Let’s try to classify the `ca01` file, which is under the “news” category.

In [17]:
classifier.classify(extract_word_presence_absence_features(brown.words('ca01')))

'news'

We will now try classifying our own text. It needs to be long enough to contain a significant number of the top 1500 words, and needs to belong to a clear category.

We will use the first section of the prologue of the Catechism of the Catholic Church, which should be classified under “religion”.

In [18]:
catechism_text = '''1 God, infinitely perfect and blessed in himself, in a plan of sheer goodness
                    freely created man to make him share in his own blessed life. For this reason,
                    at every time and in every place, God draws close to man. He calls man to seek
                    him, to know him, to love him with all his strength. He calls together all men,
                    scattered and divided by sin, into the unity of his family, the Church. To
                    accomplish this, when the fullness of time had come, God sent his Son as
                    Redeemer and Saviour.
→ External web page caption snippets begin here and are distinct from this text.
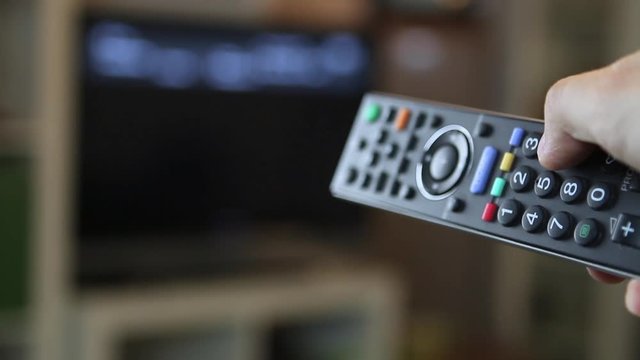 Guy switching through the TV program with a remote control
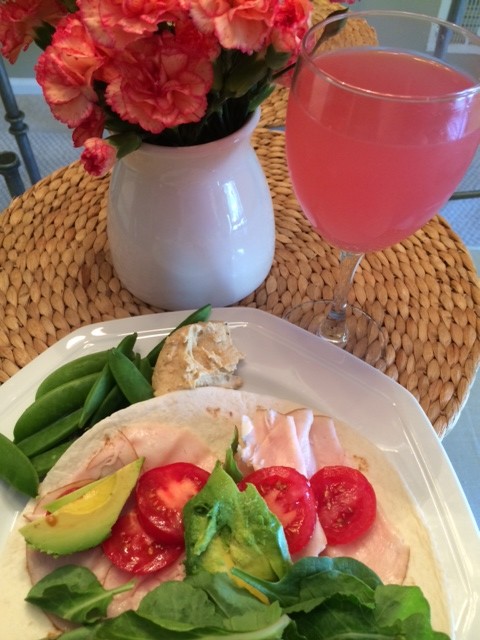 Turkey, avocado, lettuce and tomato in a flour tortilla, some snap peas with hummus and pink lemonade in a wine glass just because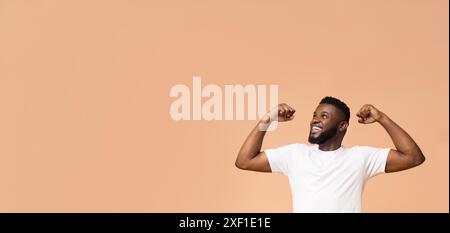 Selbstbewusster Black man, der Muskeln in Studio-Umgebung beugt Stockfoto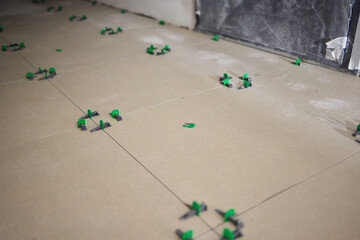 The Comprehensive Tile Installation Process Using Adhesive Techniques and Methods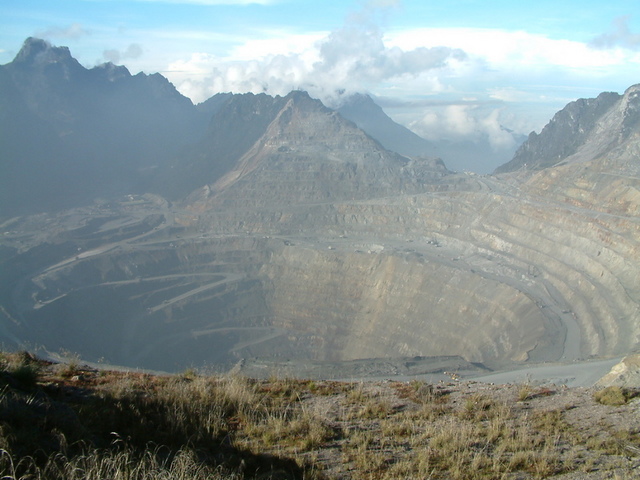 The giant Grasberg open-pit copper and gold mine in Indonesian Papua on the island of New Guinea. U.S.-based mining giant Freeport, which operates the mine, was also granted an exemption from the 1999 Forestry Law. Photo by Alfindra Primaldhi/Wikimedia Commons 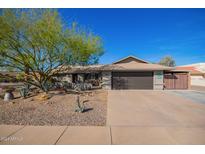 Single-story home with landscaped front yard, driveway, and two-car garage at 21002 N Totem Dr, Sun City West, AZ 85375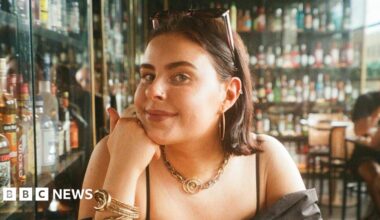 A young woman in a bar with lots of bottles of drink in cabinets behind her. You can see the top half of her body. She is wearing a black top and resting her chin on her hand. She has sunglasses pinning back her hair and has golden earings, necklace and bracelet.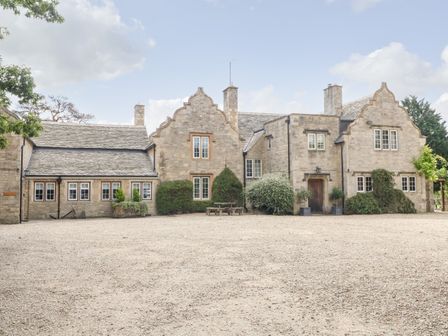 A stone house with multiple windows and gable roofs surrounded by gravel and bushes at Home Farm (16) in Witney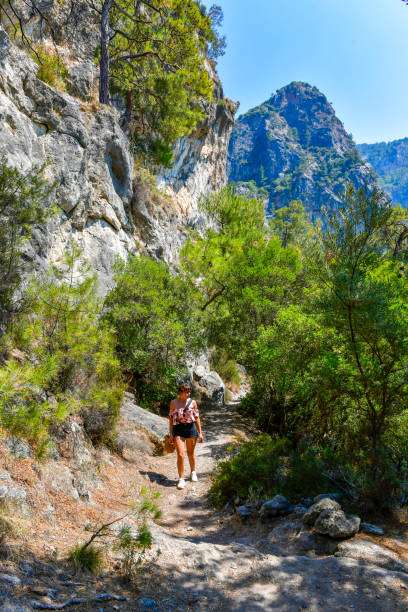 istock Young and cheerful woman walking on the path. 1649241961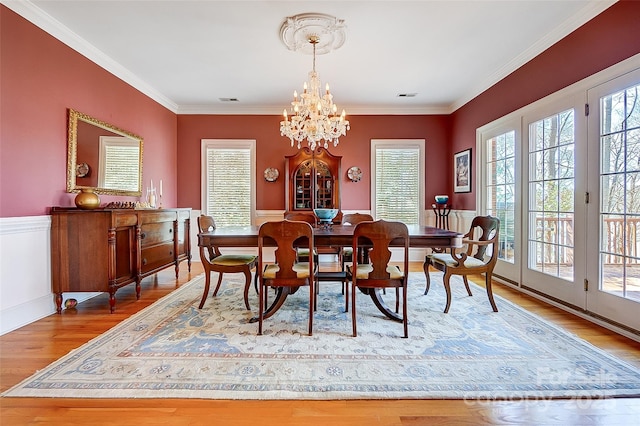 4633 River Bluff Ct, Charlotte, NC 28214 - dining area featuring visible vents, an inviting chandelier, wood finished floors, and ornamental molding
In his Son and through him, he invites men to become, in
                    the Holy Spirit, his adopted children and thus heirs of his blessed life.
                    2 So that this call should resound throughout the world, Christ sent forth the
                    apostles he had chosen, commissioning them to proclaim the gospel: "Go
                    therefore and make disciples of all nations, baptizing them in the name of the
                    Father and of the Son and of the Holy Spirit, teaching them to observe all that
                    I have commanded you; and lo, I am with you always, to the close of the age."
                    Strengthened by this mission, the apostles "went forth and preached everywhere,
                    while the Lord worked with them and confirmed the message by the signs that
                    attended it."
                    3 Those who with God's help have welcomed Christ's call and freely responded to
                    it are urged on by love of Christ to proclaim the Good News everywhere in the
                    world. This treasure, received from the apostles, has been faithfully guarded
                    by their successors. All Christ's faithful are called to hand it on from
                    generation to generation, by professing the faith, by living it in fraternal
                    sharing, and by celebrating it in liturgy and prayer.'''

In [19]:
from nltk.tokenize import RegexpTokenizer

tokenizer = RegexpTokenizer(r'\w+')
catechism_text_tokens = filter_out_stopwords(tokenizer.tokenize(catechism_text.lower()))
catechism_text_tokens = [w for w in catechism_text_tokens if w.isalpha()]
catechism_text_tokens[:5]

['god', 'infinitely', 'perfect', 'blessed', 'plan']

In [20]:
classifier.classify(extract_word_presence_absence_features(catechism_text_tokens))

'learned'